“Philosophical discussion in the absence of a theory is no criterion of the validity of evidence.”
-- A. N. Whitehead. Adventure of ideas. (1933:221)
In case of an investigation or in a disciplinary technology, empirically (irrationally speaking, i.e., speaking in a strict non-Cartesian way)speaking, data/corpora is the raw material (ephemeral ‘arbitrary signifiers’ in case of linguistics) to built up a theory following inductive method.
Why, then, mere ‘corpus’ is tagged with linguistics, an epistemological disciplinary technology?

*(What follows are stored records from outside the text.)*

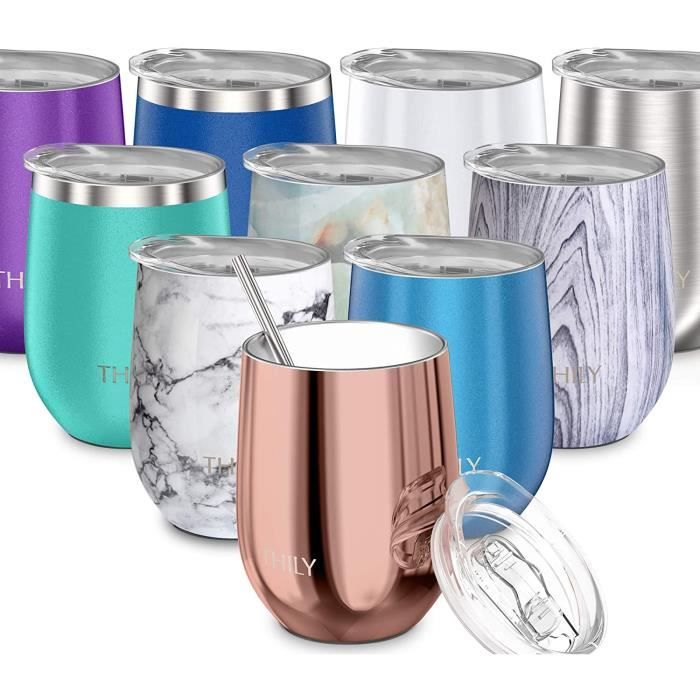 Verre a vin isotherme avec couvercle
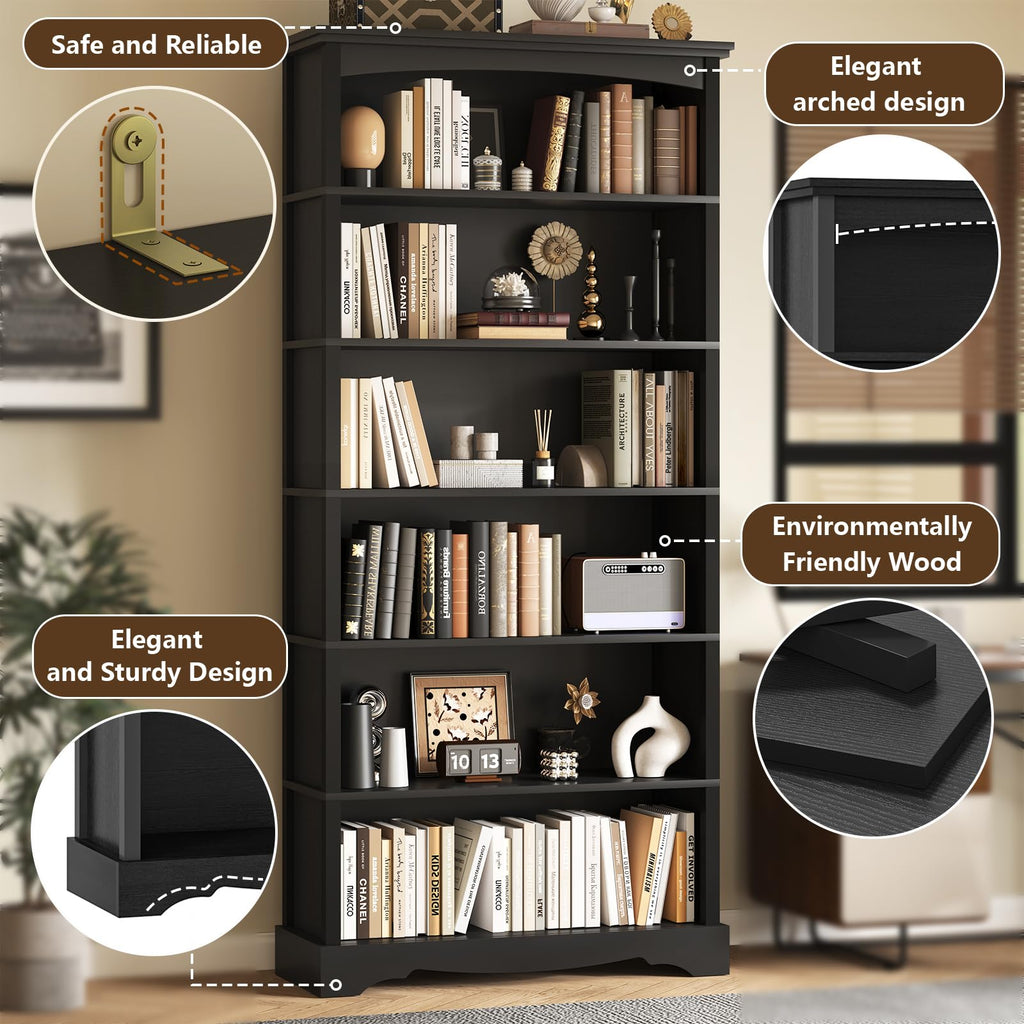 6-Tier 76 Inch Tall Black Wooden Bookshelf S8476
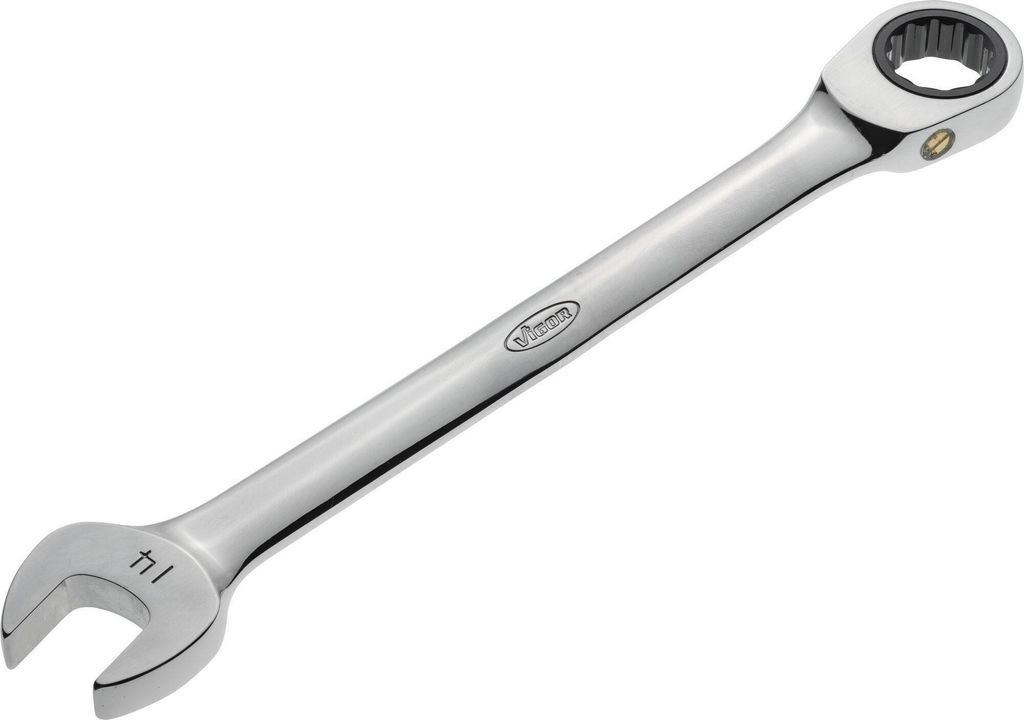 VIGOR Ratschen-Ring-Maulschlüssel lang V1025 Außen Doppelsechskant SW 14 mm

‘Corpus’ is not tagged with Physics, Geology, Psychology, Sociology etc (e.g., Corpus Physics or Corpus Sociology), though they are also dealing with data!
Collection of data and arranging them (typing?) in a digital machine do not involve any knowledge or wis(h)dom but a special skill that needs clerical precision. Documentation, no doubt, is a tiresome job. Utilizing a tool (a digital machine) as a repertoire, does not necessarily entail the birth of discipline.
Ascribing static (“thetic...”, Kristeva,1974) meaning to those entries, though needs epistemology and that can be handled by well-established theory-based disciplines: Lexicology, Semantics, Pragmatics etc. If we have such levels of linguistic analysis, do we need such dubious coinage, “Corpus Linguistics”?
And each empirical discipline needs data for further observation, experimentation and inductive generalization (one may raise Popper’s [1934, 2009] points for refuting Inductivism here), i.e., data is an initial part of the whole, but neither a theory nor a praxis.
However, it is a salebrated discipline now! Why is it so? What is the purpose of such discipline?
My friend says, “We, the residents of the so-called third world, are part of the data-collection team—don’t you understand that? How dare you? You cannot be allowed to perform theoretical plays.” (Galtung, 1980)